The Rays were just 40-41 on the road during the regular season, and in these playoffs they drew opponents with the second- and third-best home records in the American League (the Red Sox were 56-25, the White Sox 54-28). And yet the most remarkable thing among all the remarkable things that the Rays have accomplished in the postseason has been their ability not just to win on the road (they're now 3-1), but to crush the life out of two of the more notoriously raucous ballparks, Fenway Park and U.S. Cellular Field, and to do so early. Upton's first- and third-inning home runs in the decisive ALDS Game 4 in Chicago effectively ended all towel-twirling there for the season. Monday's ALCS Game 3 was over by the third, and Tuesday's Game 4 was essentially over just as early. Boston fans haven't had the opportunity to build to the Fenway frenzy that has carried the Red Sox in recent times, and Boston's dreaded home-field advantage hasn't been much of an advantage at all.

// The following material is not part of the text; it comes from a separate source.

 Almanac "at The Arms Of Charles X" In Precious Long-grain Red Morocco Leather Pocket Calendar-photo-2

Even in the face of the indignity of being pulverized by the Rays in two consecutive games, some fans still tried to keep their spirits up, recalled Rays outfielder Carl Crawford in the clubhouse after Tuesday's game. "We were getting reminders of what the Red Sox have done" -- bouncing back from a 3-1 deficit to the Indians in last year's ALCS and a 3-0 deficit to the Yankees in '04 -- "from the stands. There was one guy yelling, 'Go ask Derek Jeter!' He was yelling that real loud, so I'm sure everybody heard him. I'm sure there's going to be some more of that."

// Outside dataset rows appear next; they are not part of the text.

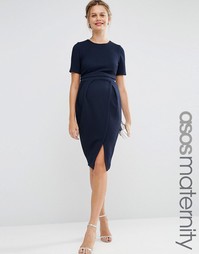 Двухслойное фактурное платье-футляр для беременных ASOS Maternity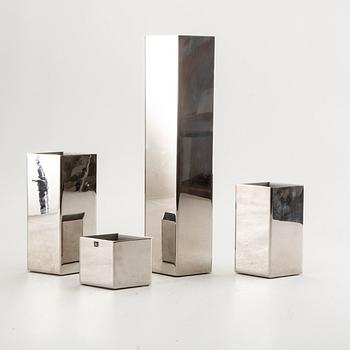Sigurd Persson, a set of four metal signed vases.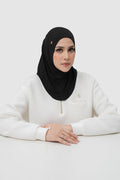 instant slip-on scarf in black by buttonscarves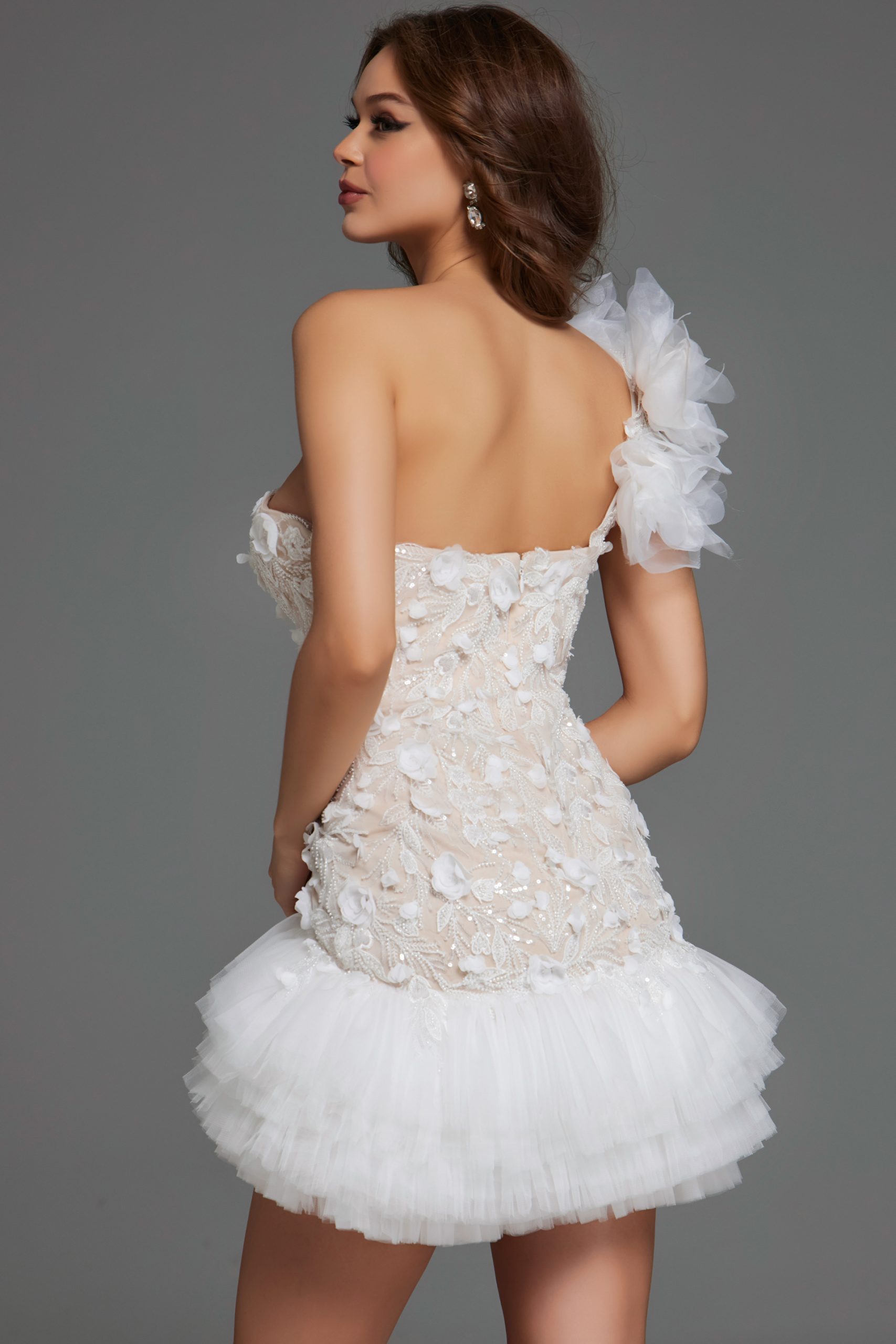 Wedding Dresses Short Fitted Floral Beaded Casual Wedding Dress Ivory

Perhaps it's because of the absence of Manny Ramirez, perhaps it's because David Ortiz doesn't look right, perhaps it's because the Rays have appeared unstoppable and the Red Sox anything but an immovable object, but a repeat of those comebacks just seems unlikely. And if the Rays are again able to jump out to an early lead on Thursday night against Daisuke Matsuzaka, then Fenway will once more be quiet -- eerily so, for October -- and the plaintive wails of fans sitting in even the park's farthest reaches will be clearly heard.